(Exercise material Opens)

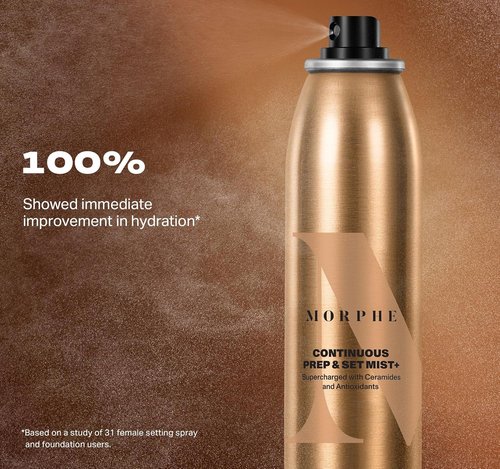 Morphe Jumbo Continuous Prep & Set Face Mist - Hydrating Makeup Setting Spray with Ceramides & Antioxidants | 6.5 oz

(Exercise material Closes)
(Exercise material Opens)

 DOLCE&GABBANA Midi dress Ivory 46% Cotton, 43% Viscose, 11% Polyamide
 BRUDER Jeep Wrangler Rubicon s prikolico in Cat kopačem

(Exercise material Closes)
(Exercise material Opens)

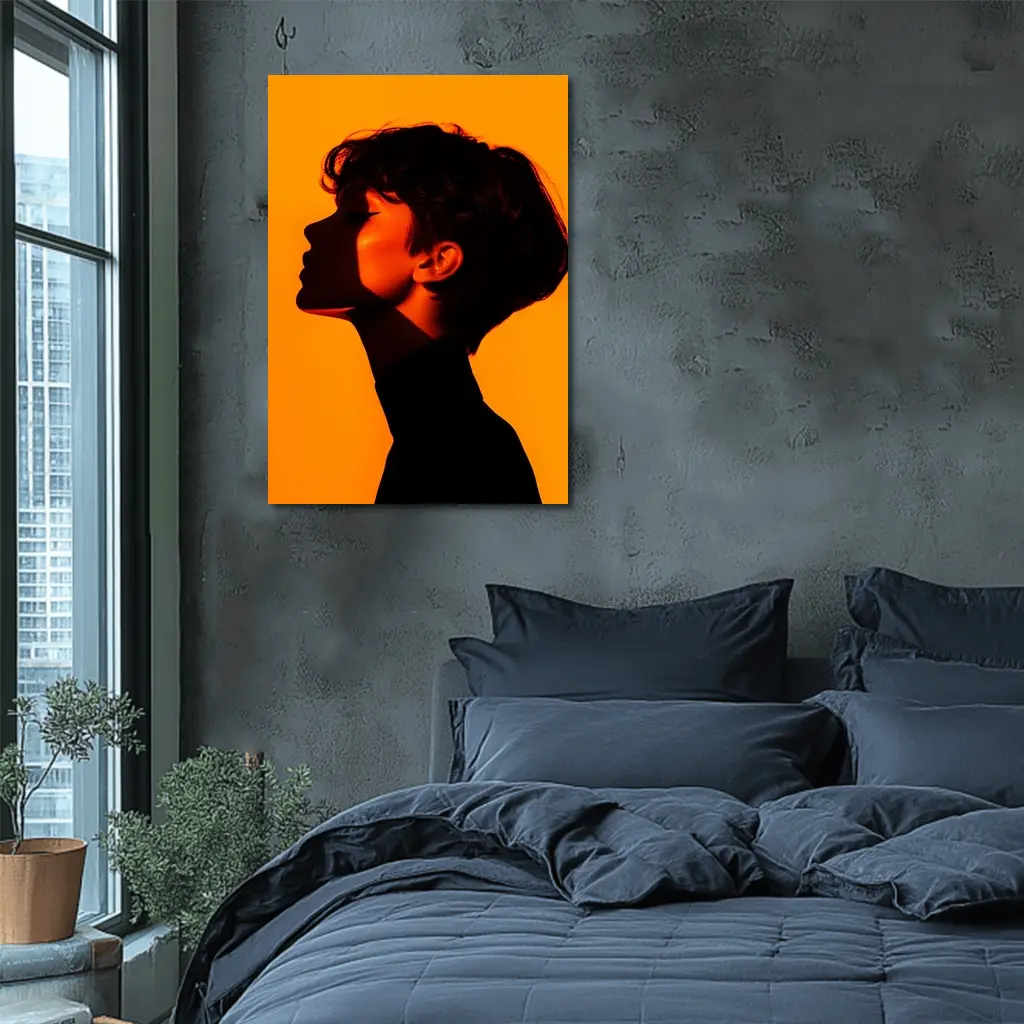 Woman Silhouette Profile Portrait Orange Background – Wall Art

(Exercise material Closes)

→ **Exercise prompt**:
From the records above, copy out the line with "DOLCE&GABBANA Midi dress", the line with "BRUDER Jeep Wrangler", and every line between them, word for word.

→ **Task result**:
 DOLCE&GABBANA Midi dress Ivory 46% Cotton, 43% Viscose, 11% Polyamide
 BRUDER Jeep Wrangler Rubicon s prikolico in Cat kopačem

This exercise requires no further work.